Your assignment = An unchanged copy of all the lines below is expected, and it should contain no pictures.

Records provided =
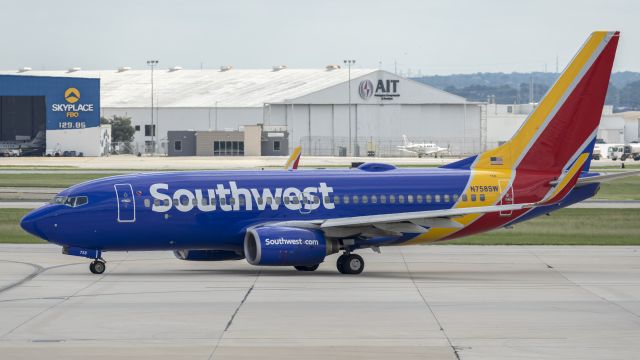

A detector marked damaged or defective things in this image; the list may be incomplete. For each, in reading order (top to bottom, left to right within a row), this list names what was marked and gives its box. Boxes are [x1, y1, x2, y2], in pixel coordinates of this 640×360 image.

pavement crack [398, 249, 462, 358]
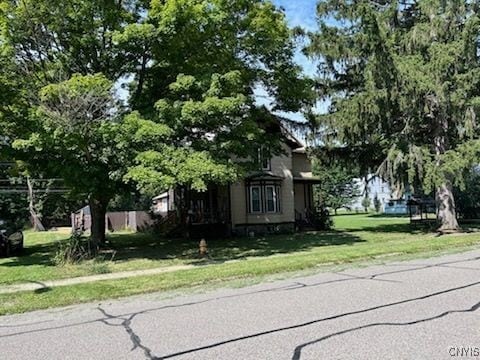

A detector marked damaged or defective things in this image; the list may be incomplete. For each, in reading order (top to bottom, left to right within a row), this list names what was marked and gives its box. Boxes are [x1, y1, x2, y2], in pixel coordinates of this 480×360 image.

crack in pavement [290, 300, 480, 360]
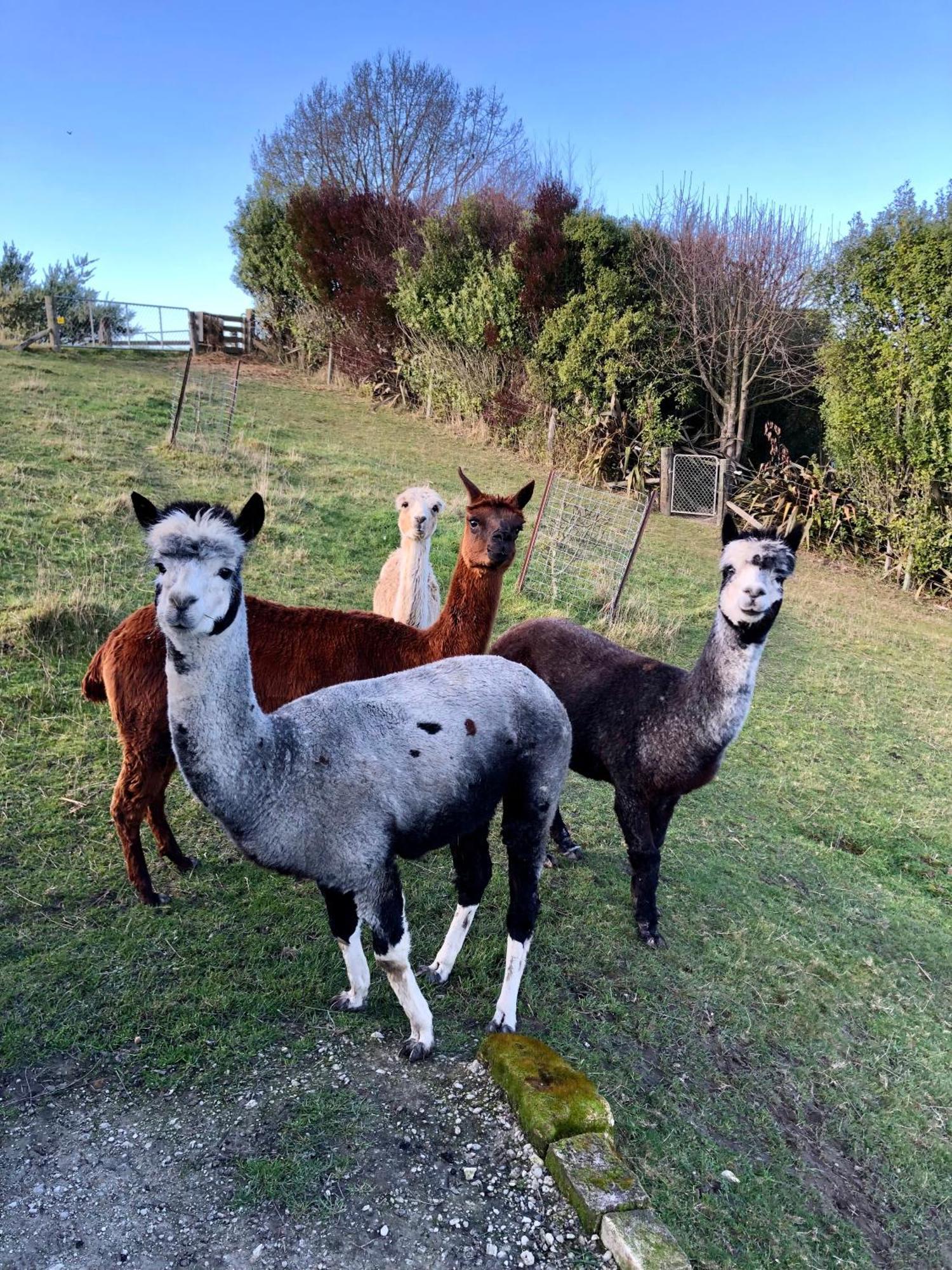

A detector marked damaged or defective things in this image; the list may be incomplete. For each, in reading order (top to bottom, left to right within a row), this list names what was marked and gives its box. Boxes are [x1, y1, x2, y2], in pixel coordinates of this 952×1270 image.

rusty metal pole [518, 467, 564, 594]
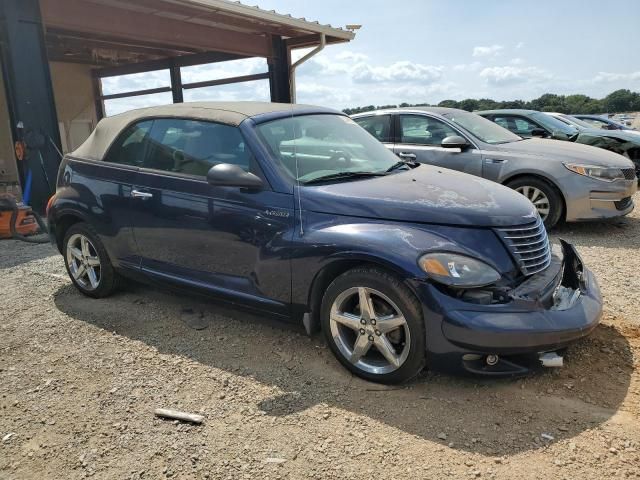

Exercise response =
A detector marked damaged or defective things in this image; the list may be incomplete. For each, in reading order (top to bottom, left to right within a row), this list names what was marked and gives its box. Boxes are [x1, y1, x2, y2], in pixel coordinates of this 640×360 image.

pavement crack [398, 249, 462, 358]

A detector marked damaged or defective things in this image; the list may be incomplete. For each, in reading order (top to bottom, left to right within a row), this list names what was marked and gives its box. Boxes are [x1, y1, x2, y2], in pixel coordinates of this 480×360 image.

crack in pavement [290, 300, 480, 360]

A detector marked damaged or defective things in this image; the list may be incomplete. For each, in reading order (top to bottom, left to right within a row), this list names what was marked and gives its box. Boxes are [x1, y1, x2, y2], in pixel coordinates of this 952×1270 image.

rusty metal pole [518, 467, 564, 594]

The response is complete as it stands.